5. Limitations, Security, and Future Extensions

While SGVR corrects key weaknesses of outcome-only supervision, several limitations persist:

Verifier Reliance: Performance is bottlenecked by the accuracy and coverage of the verifier (semantic, numeric, rubric-based, or tool-execution)—bias or gaps in the verifier propagate directly to SGVR reward fidelity (Zhang et al., 7 Aug 2025, Ma et al., 16 Oct 2025).
Sub-goal Formulation: In domains such as non-numeric proofs or diagrammatic reasoning, sub-goal decomposition and reliable mapping from abstract predicates to verifiable tests remain unresolved (Chen et al., 8 Jan 2026).
Sparse Sub-goal Regimes: Very short test suites or homogeneous sub-task difficulties can degrade SGVR robustness, suggesting the need for adaptive weighting or hybrid reward designs (Wang et al., 7 Jan 2026).
Security/Robustness: Threat models assume append-only logging, enclave-based verifier isolation, cryptographic signing, and deterministic replay for evidence—security guarantees depend on rigorous enforcement of boundaries and transparency (Huang et al., 28 Dec 2025).

Proposed extensions include integrating proof assistant outputs as sub-goal sources, hybridizing with human feedback for coverage of non-automatable tasks, and expanding SGVR to new domains such as planning and code synthesis with compositional tool checkers (Zhang et al., 7 Aug 2025, Chen et al., 8 Jan 2026).

6. Significance and Broader Impact

SGVR reframes reward modeling as the aggregation of independently verifiable intermediate achievement, bridging the gap between coarse supervised approaches and opaque, model-based reward functions.

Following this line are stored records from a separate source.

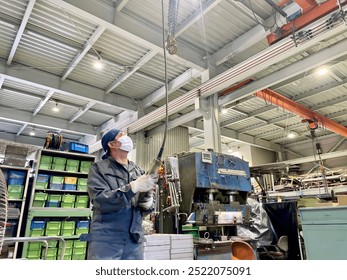 A factory worker using a remote controller to operate a crane - Powered by Shutterstock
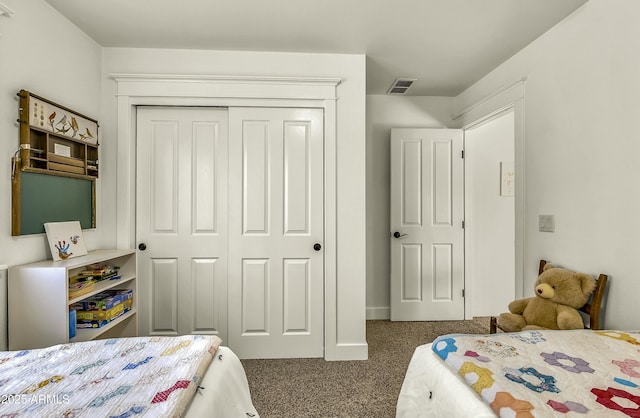 carpeted bedroom with visible vents, baseboards, and a closet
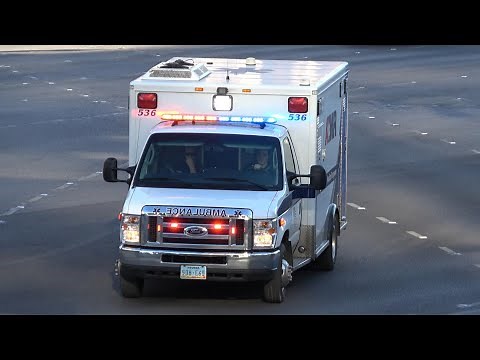 American Medical Response ambulance responding with siren and lights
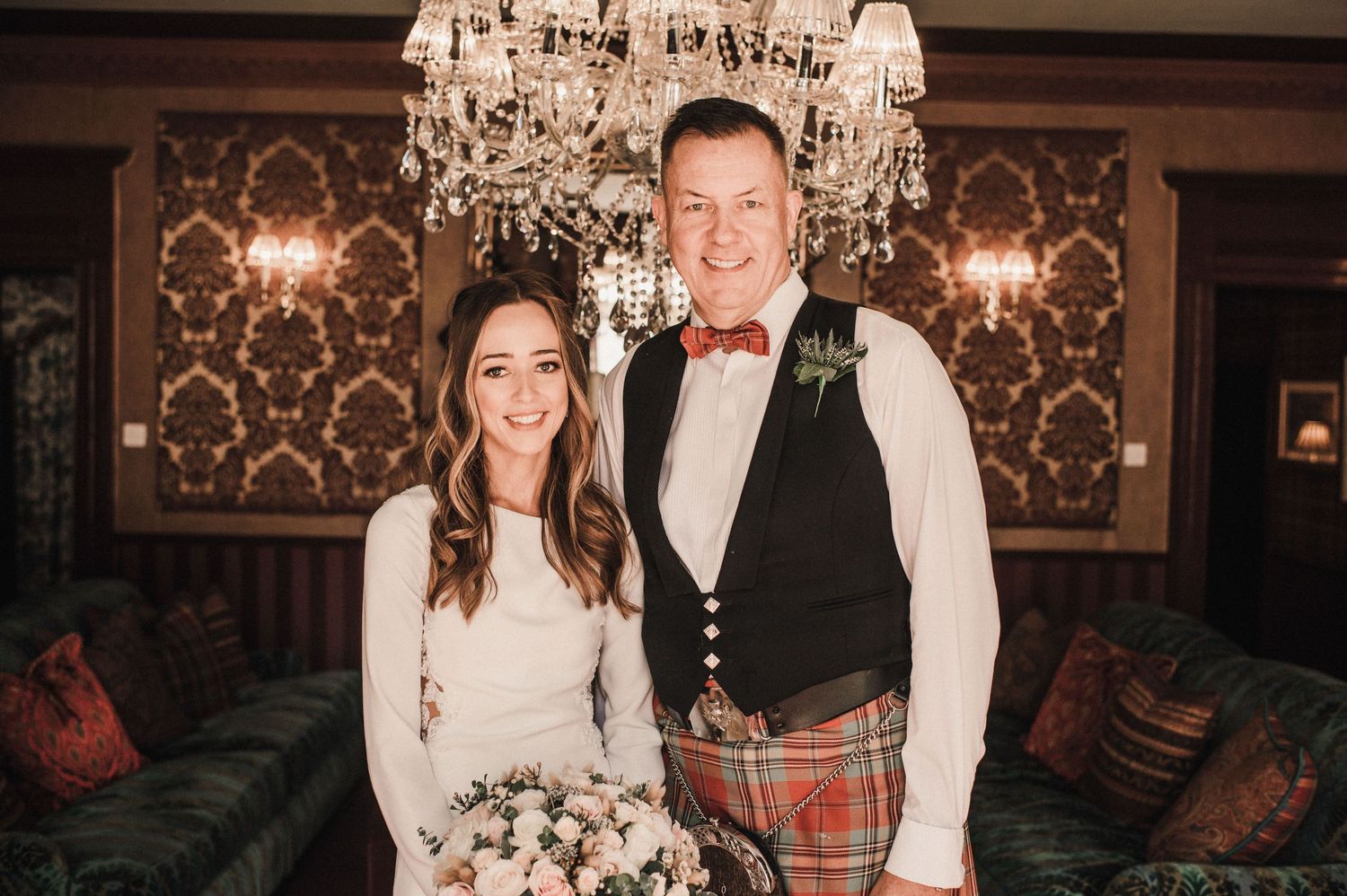 Newlyweds pose under chandelier with groom in traditional Scottish kilt and bride in white dress.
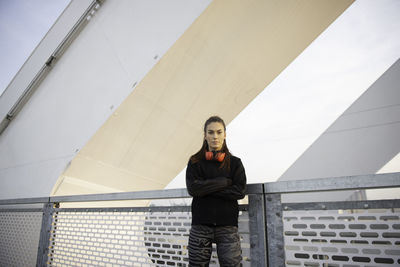 Portrait of young man standing against wall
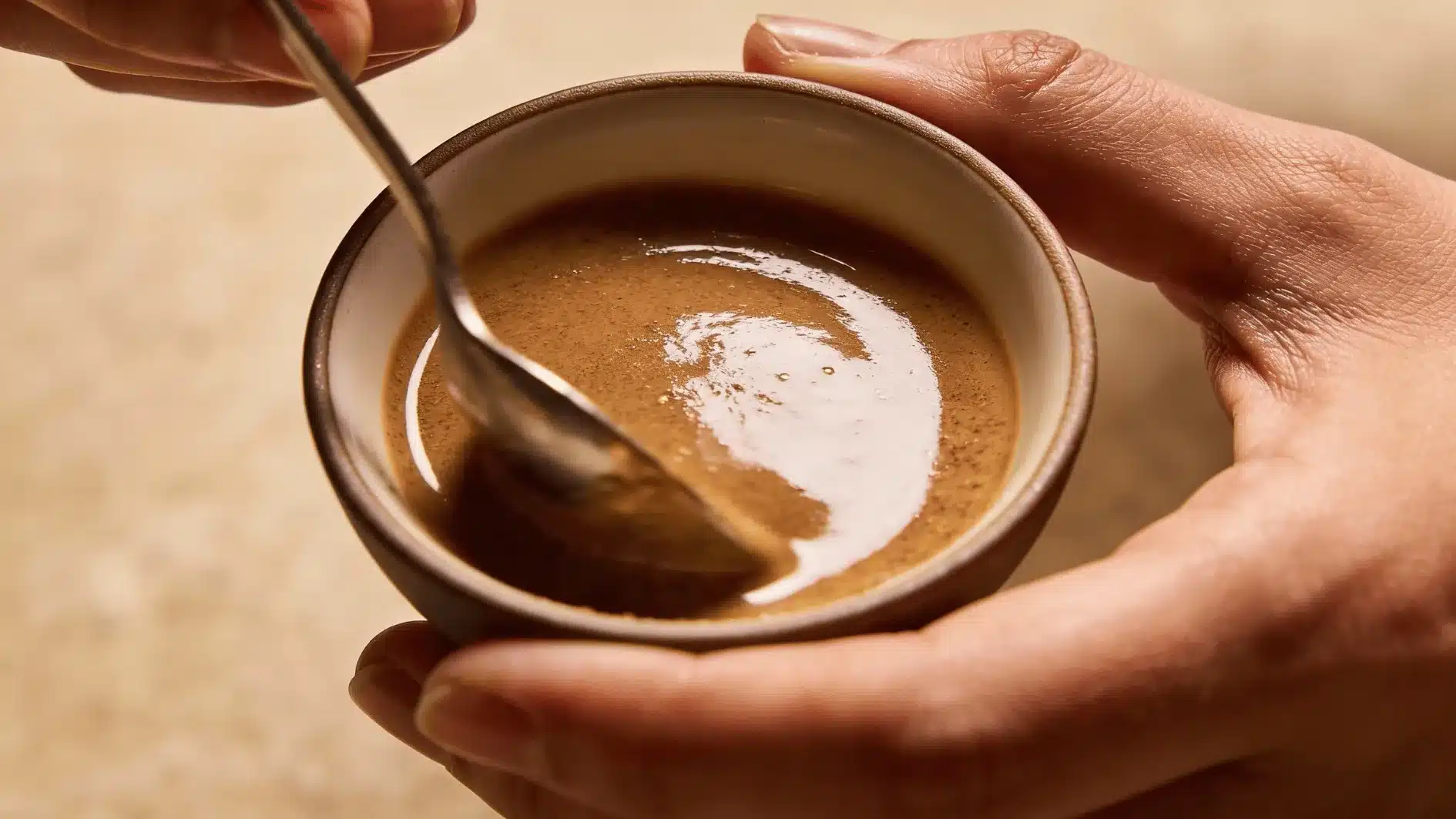 Hands mixing brown sugar and oil in a small bowl to prepare a home scalp scrub before gentle massage and rinsing step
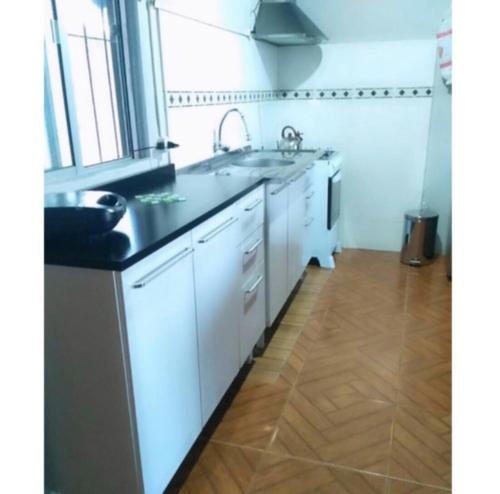 uma cozinha com armários brancos e um balcão preto em Lo de Sandra em Costa Azul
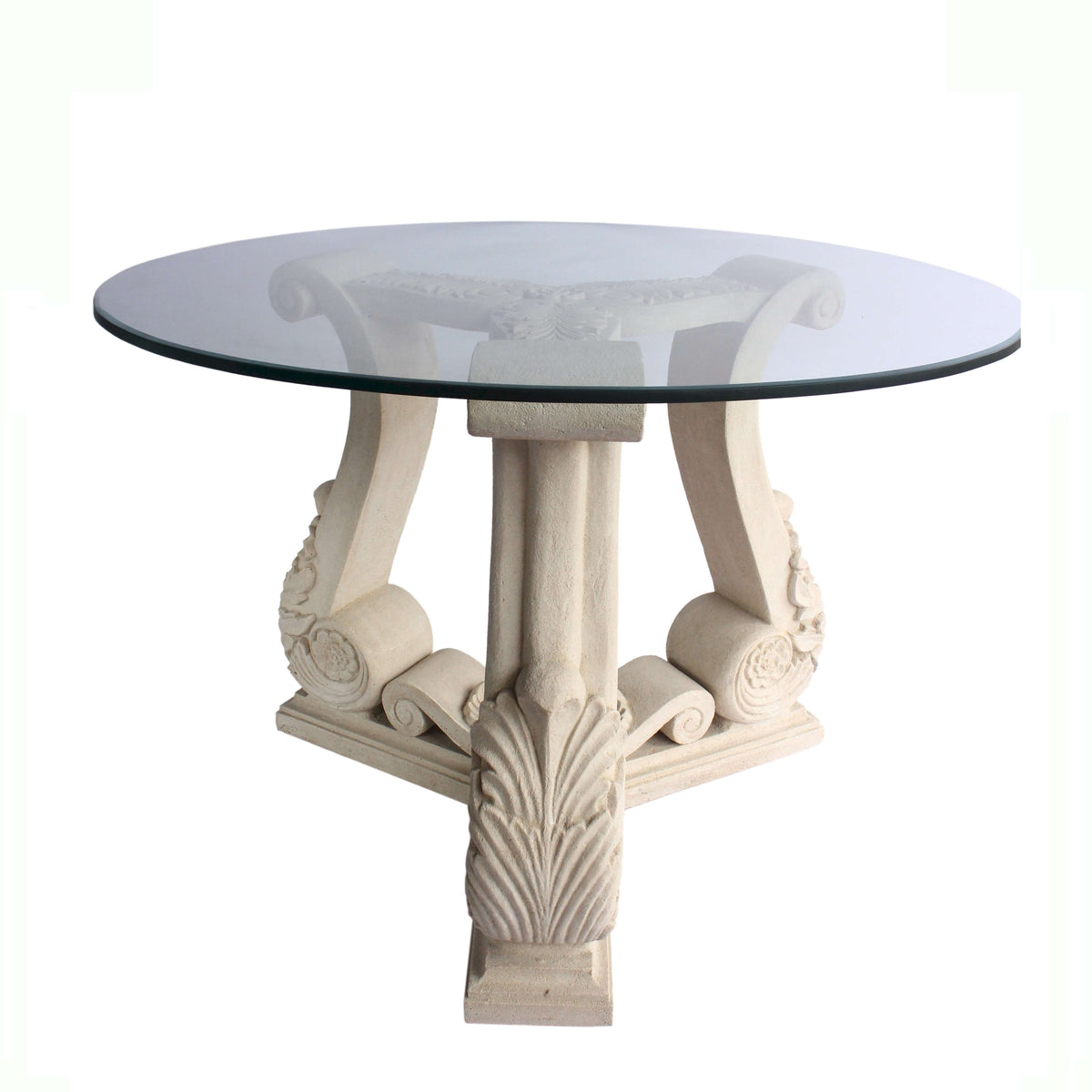 Round glass-top table with decorative white legs on a white background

Empirically, SGVR yields:

Dense, low-variance, and interpretable feedback, reducing overfitting and improving out-of-distribution robustness (Sinha et al., 13 Oct 2025).
Stronger, more faithful chain-of-thought and process conformity, enhancing model trust and transparency (Ma et al., 16 Oct 2025).
Auditability and reproducibility in long-horizon agentic learning and self-improvement, since every reward component is reconstructible from signed evidence artifacts (Huang et al., 28 Dec 2025).
Broad transferability, with gains in cross-domain performance, as step-level reasoning competencies generalize beyond training targets (Chen et al., 8 Jan 2026).

SGVR thus establishes a new foundation for verifiable, modular and governance-ready RL architectures in complex AI systems.